Slumps in farming, consumption

A spike in consumer prices in the Philippines in late 2018 angered many, testing the popularity of President Rodrigo Duterte in his third year in office. August inflation set a nine-year record at 6.4 percent, then the highest in Southeast Asia.

World oil price hikes were felt at the pump, while reports of rice scarcity raised prices in some parts of the country. More than 70 percent of the $313 billion Philippine economy comes from consumption, and people – especially the poor – mind their spending when prices are up.

The GDP struggled to grow also after deadly typhoon Mangkhut caused $509 million in agricultural damage in September and three months later tropical storm Usman caused another $19 million in farm losses.

The Western Pacific archipelago gets typhoons every year but still lacks infrastructure to withstand them, said Song Seng Wun, regional economist with the private banking unit of CIMB in Singapore.

Tourism was robust overall last year, but the closure of Boracay Island hurt the country’s prime tourism spot. Duterte declared a state of calamity from April through October to clean up the island, which had brought in more than $1 billion in tourism receipts in 2017.

Quest for investors

But the lack of capital investment weighs particularly hard on economic policymakers this year. The country, known for cheap, skilled labor, is still missing the ports, railways and power generation capacity that business people expect before opening shop. Investment would create jobs, in turn easing poverty.

“In terms of the whole ease of doing business, the Philippines ranks very low, but one of those reasons is poor infrastructure,” said Rajiv Biswas, Asia-Pacific chief economist at IHS Markit.

To attract more capital, the government is building $171 billion worth of infrastructure by 2022, one of Duterte’s priorities in office. By the same year, the government aims to cut poverty from 22 percent to 14 percent of the population.

Officials are sighting for this year new roads and a railway system on the impoverished island of Mindanao, flood control work around Manila and the first phase of a Metro Manila subway project, Budget and Management Secretary Benjamin Diokno said on his department’s website.

Progress on infrastructure would also show that the Philippines can overcome political fights that include open spats between Duterte and his detractors in Congress or the mass media, economists believe.

“Investors like clarity,” Song said. “So when you have leaders or opinion makers who can be very abrasive as well, would you want to be putting in millions of millions of investments given that environment?”

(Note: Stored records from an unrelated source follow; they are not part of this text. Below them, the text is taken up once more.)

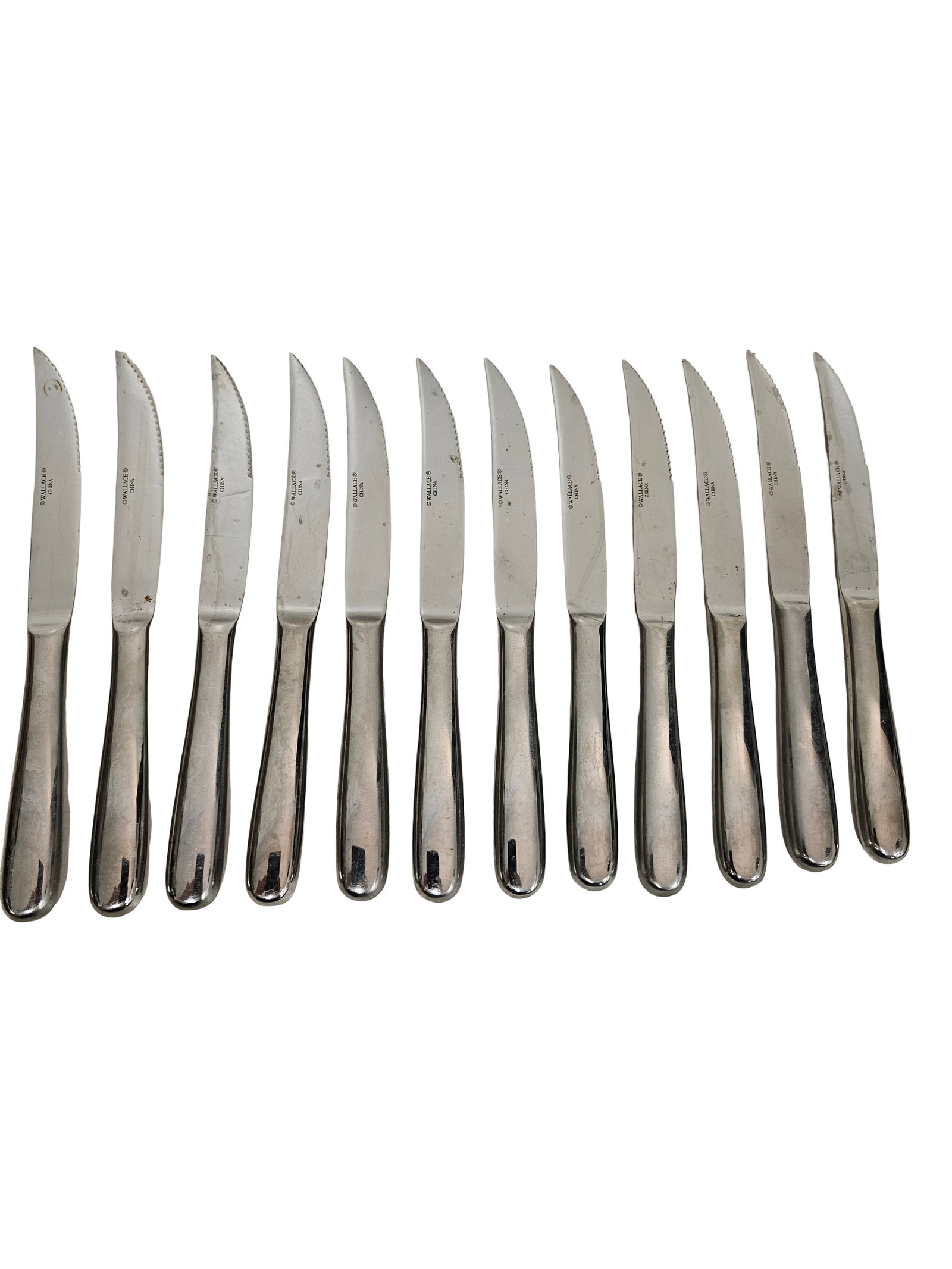 Set of 12 Wallace Stainless Steak Knives: This lot includes twelve stainless steel steak knives marked by Wallace China. Each knife features a serrated blade and a weighted, hollow-handle design with a polished finish. The set presents a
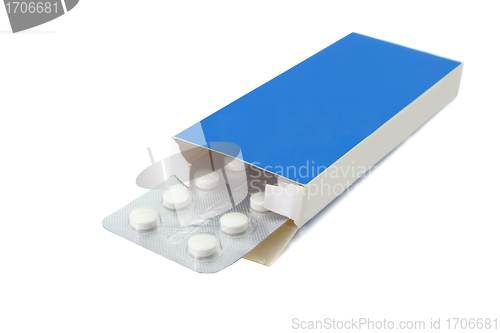 Image of Pills tablets in open package on white background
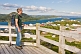 Image of Male hiker looks out over the town to the ocean forests and mountains.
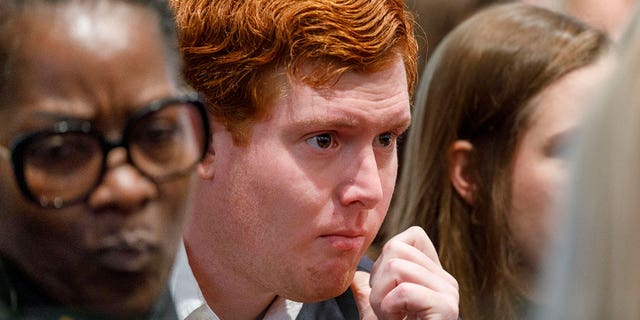 Alex Murdaugh's son, Buster Murdaugh, listens to testimony during his father's murder trial at Colleton County Courthouse in Walterboro, South Carolina, Jan. 27, 2023.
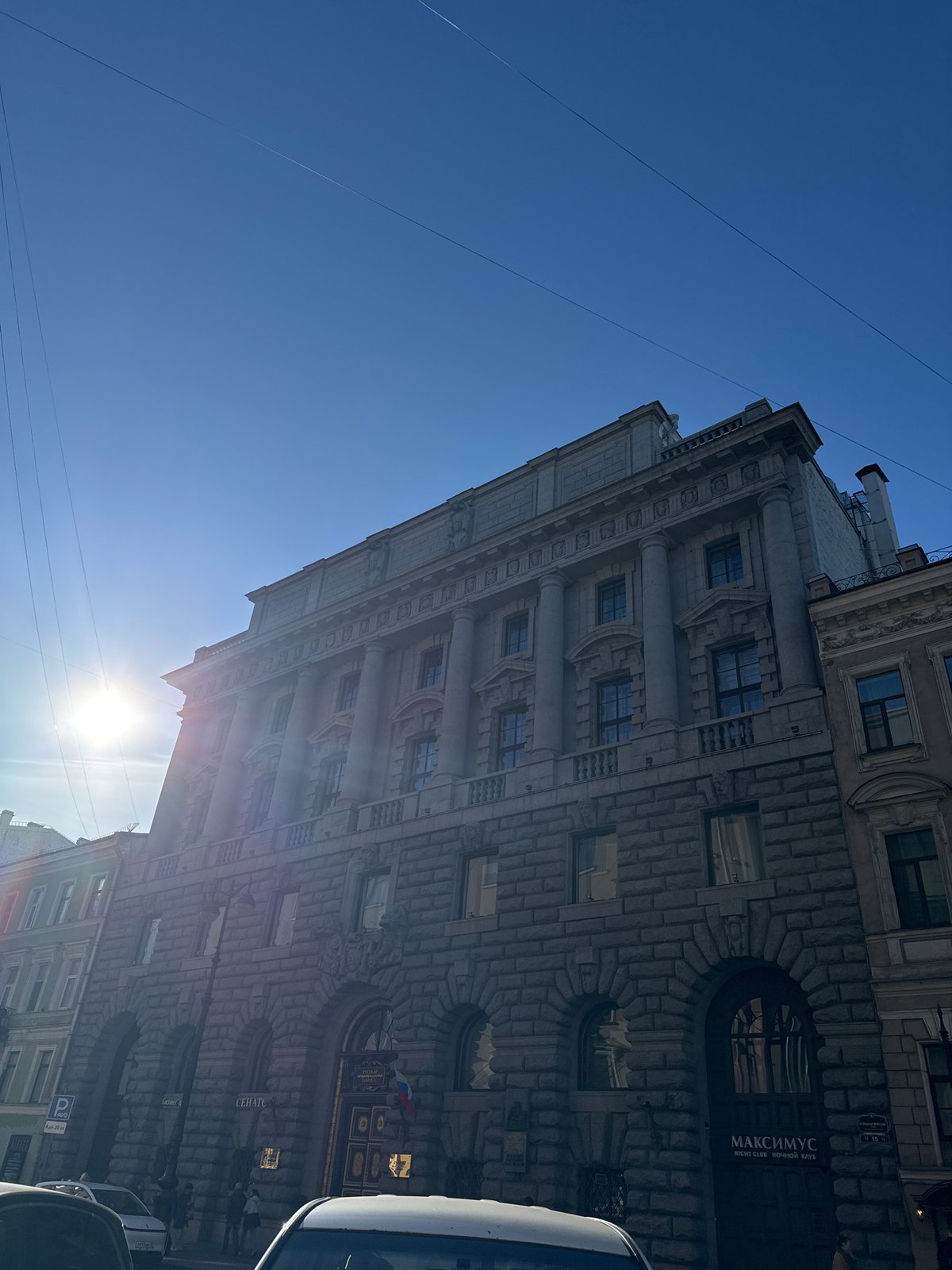 Tourists visit Saint Petersburg landmarks on sunny afternoon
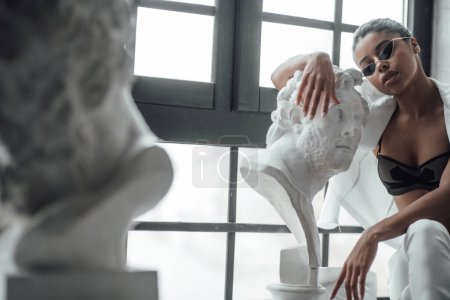 Young beauty swarthy woman in formal evening white suit no shirt hugs greek man bust statue. Stylish black curly hair sensual african american model fashionista posing at studio in fashion pantsuit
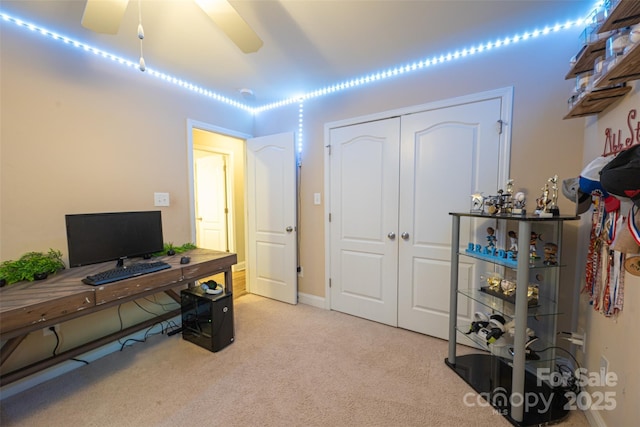 carpeted home office with ceiling fan and baseboards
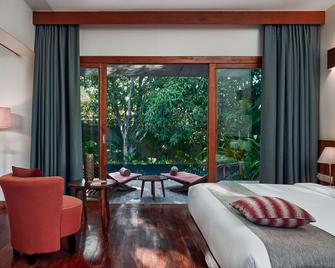 تيمبلايشن هوتل - سيم ريب - غرفة نوم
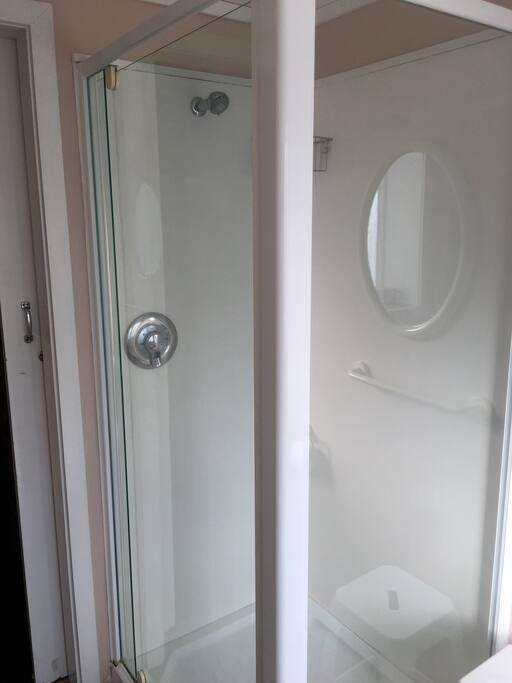 Bathroom with all facilities showing shower
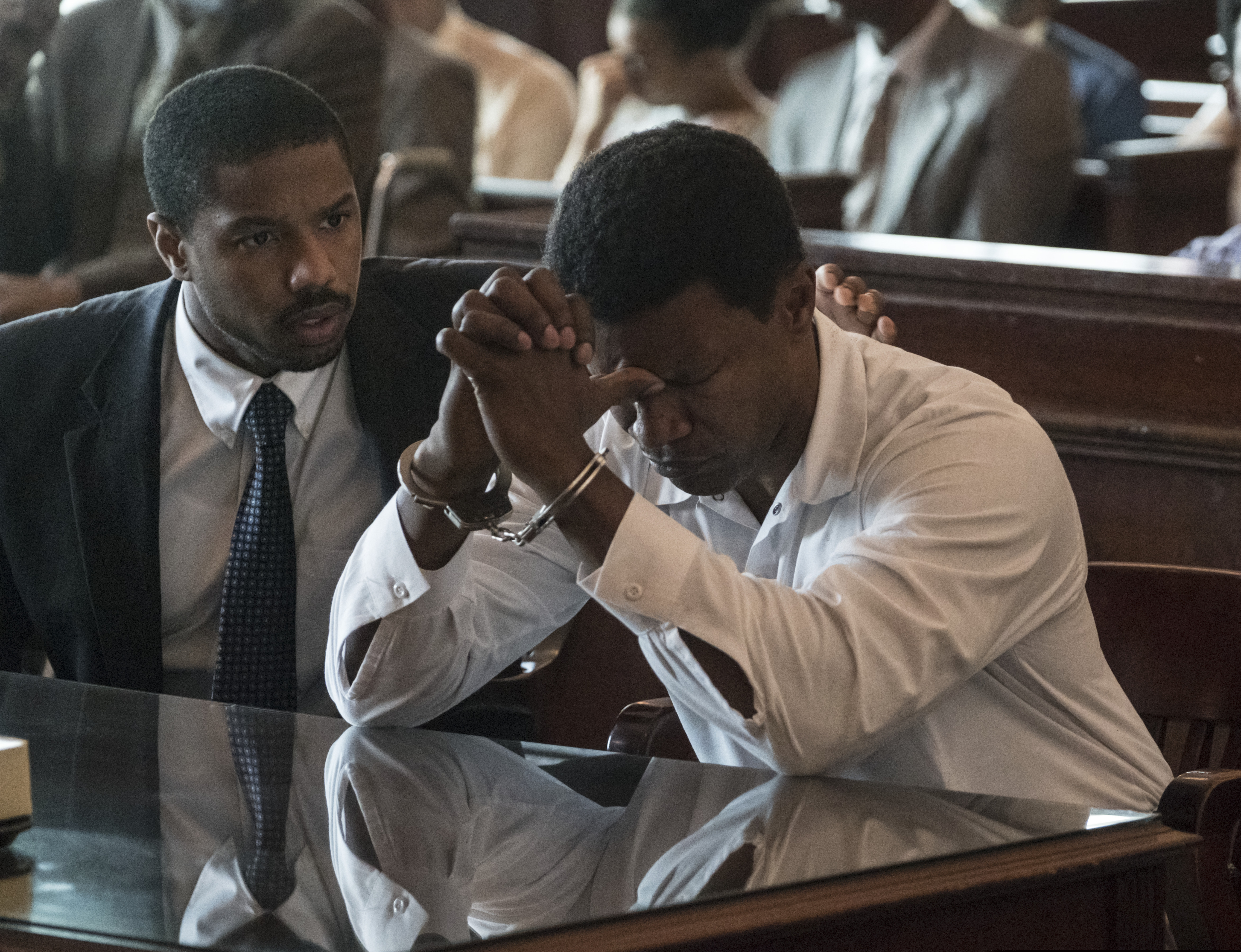 (Jake Netter | Warner Bros. Pictures via AP) This image released by Warner Bros Pictures shows Michael B. Jordan, left, and Jamie Foxx in a scene from "Just Mercy."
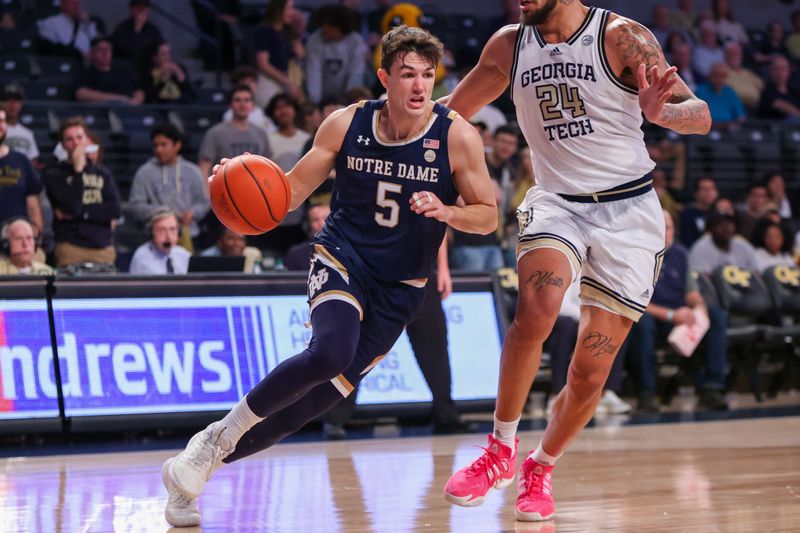 Feb 8, 2023; Atlanta, Georgia, USA; Notre Dame Fighting Irish guard Cormac Ryan (5) drives on Georgia Tech Yellow Jackets center Rodney Howard (24) in the first half at McCamish Pavilion. Mandatory Credit: Brett Davis-USA TODAY Sports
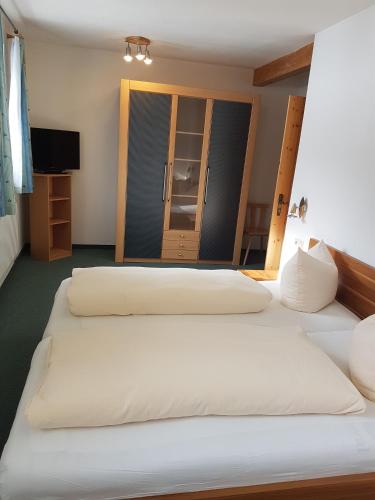 a group of three beds in a room at Gasthof Schützenwirt in Steinach am Brenner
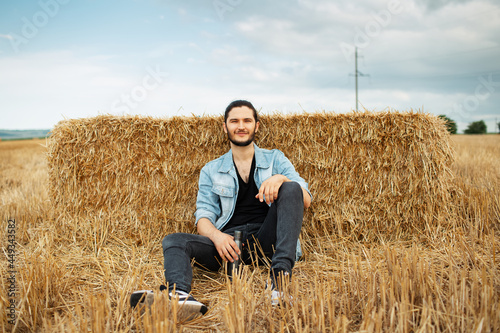 Outdoor portrait of young smiling man, sitting in the wheat field. © Lalandrew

The budget department flagged manufacturing growth as an “area of concern.” In a statement on the 2018 economy, the department urged more transport infrastructure and asked Congress to amend the Foreign Investments Act, which deters foreign investors by limiting how much they can invest in certain local industries.

Bright spots

Some analysts already point to bright spots in the 2019 economy. Tourism on the heavily populated island Cebu stands to help real estate there, Biswas said, while tourism and investment are booming near the former U.S. airbase at Clark Field.

The Asian Development Bank expects 6.7 percent growth this year.

“If you look at it from a perspective that the Philippines is actually working on its infrastructure to attract investors, you have a government commitment to keep on spending, and you have a country whose growth is actually moving away from the key cities but into other areas, that will support above 6 percent growth,” said Jonathan Ravelas, chief market strategist with Banco de Oro UniBank in Metro Manila.